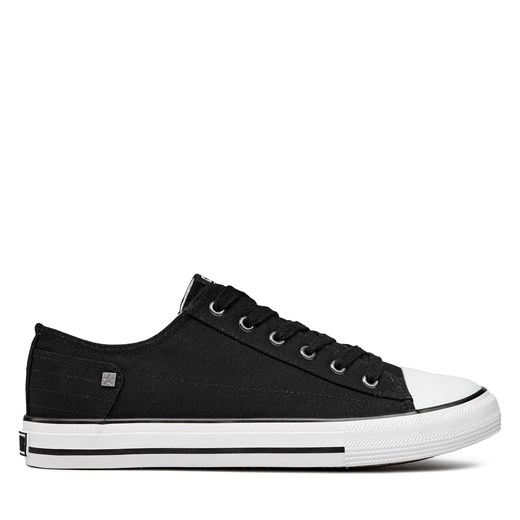 Trampki Big Star Shoes DD174273SS20 Black ze sklepu eobuwie.pl w kategorii Trampki męskie - zdjęcie 171333770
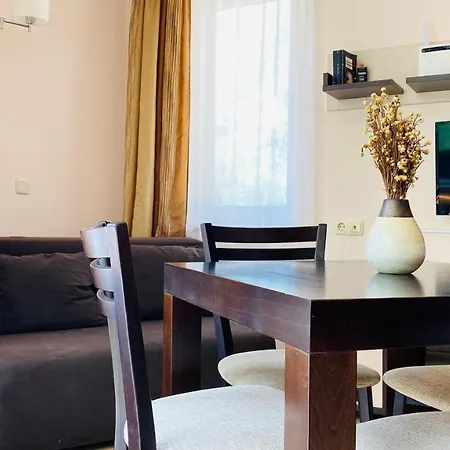 Апартаменты Apartello Golden - Cacao View - Sunny Солнечный берег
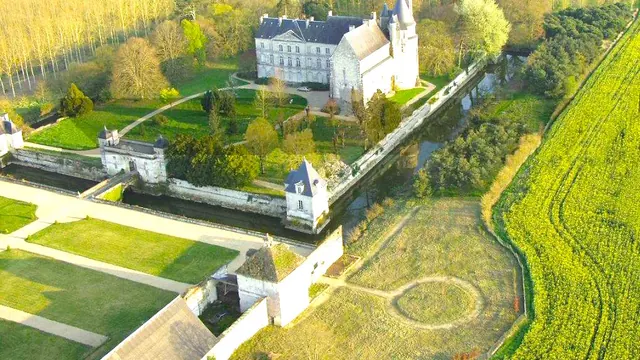 Photo de Scorbé-Clairvaux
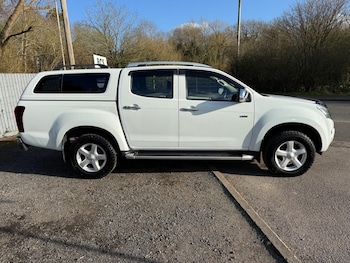 Used Isuzu D-Max 2017 for sale - 77783265: Photo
○ ○ ○ ○ ○
The task. Would you restate word for word only the lines from the one containing "Апартаменты Apartello Golden" to the final line of the material, both ends included, without any pictures?

Result of this exercise.
 Апартаменты Apartello Golden - Cacao View - Sunny Солнечный берег
 Photo de Scorbé-Clairvaux
 Used Isuzu D-Max 2017 for sale - 77783265: Photo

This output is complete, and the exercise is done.